In the Czech Republic, we have walked with a patch of forest in Central Bohemia, in the protected landscape area Křivoklátsko – a unique ecosystem with a mosaic of species-rich habitats. Sixty-two percent of the total 628 km2 area consists of broad-leaved and mixed coniferous forests and contains a high species diversity (about 1800 vascular plant species alone and 84 native species of trees, shrubs, and other creatures).
The Bohemian walks are guided by Chewie the dog – a creature with extensive sensorial knowledge of the local forest landscape. We follow Chewie as a forest expert, trusting his instincts and sense of direction, drifting through forest places and spaces that we might never discover otherwise.
To document our drifts, we experiment with the OsmAnd map tracker, getting gpx outputs with details of each drift’s distance, altitude range, time span, and average speed. More importantly, however, we sniff, listen, touch, and observe the local surroundings carefully. This more-than-human approach to forest-walking has revealed some local elements that would otherwise stay hidden to us. Like the small swamp back there in the deep forest where various creatures come to hang out, bathe and drink, or the comfort of the soft moss bed that spreads all over the forest floor.

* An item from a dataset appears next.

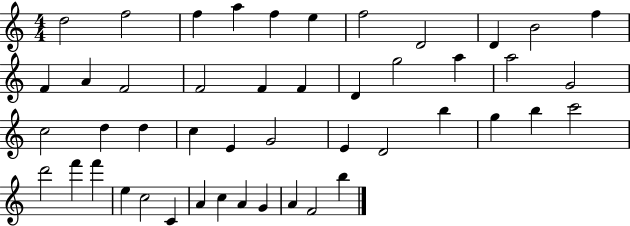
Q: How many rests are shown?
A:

In Colombia, the Open Forest walks take place in Bëngbe Uáman Tabanoc, on the eastern edge of the southern Colombian Andes. Tabanoc is the ancestral territory of the Kamëntŝa people, what is known today as the Sibundoy Valley. The valley is surrounded on all sides by steep mountains, and usually covered by clouds and abundant rains, its waters are funneled into the valley, forming the headwaters of the Putumayo River, a major Amazonian tributary. There is an incredible plant diversity in the valley, partly explained by its unique geographic context.
Open Forest walks in Tabanoc are guided by Kamëntŝa women, who are known for weaving colorful patterned sachets called tšombiachs. The belts document – in intricate and complex ways – stories and environmental knowledge of the territory and their relationship with their forest gardens past and present.
In November 2021 – February 2022, some insights from the unfolding Open Forest experiment in the above-mentioned forests are showcased at the Data Vitality exhibition organised by Aalto University (FI). In the meantime, we are working on the interactive Open Forest Catalogue compiling all the forest-stories, observations, and insights collected throughout the project.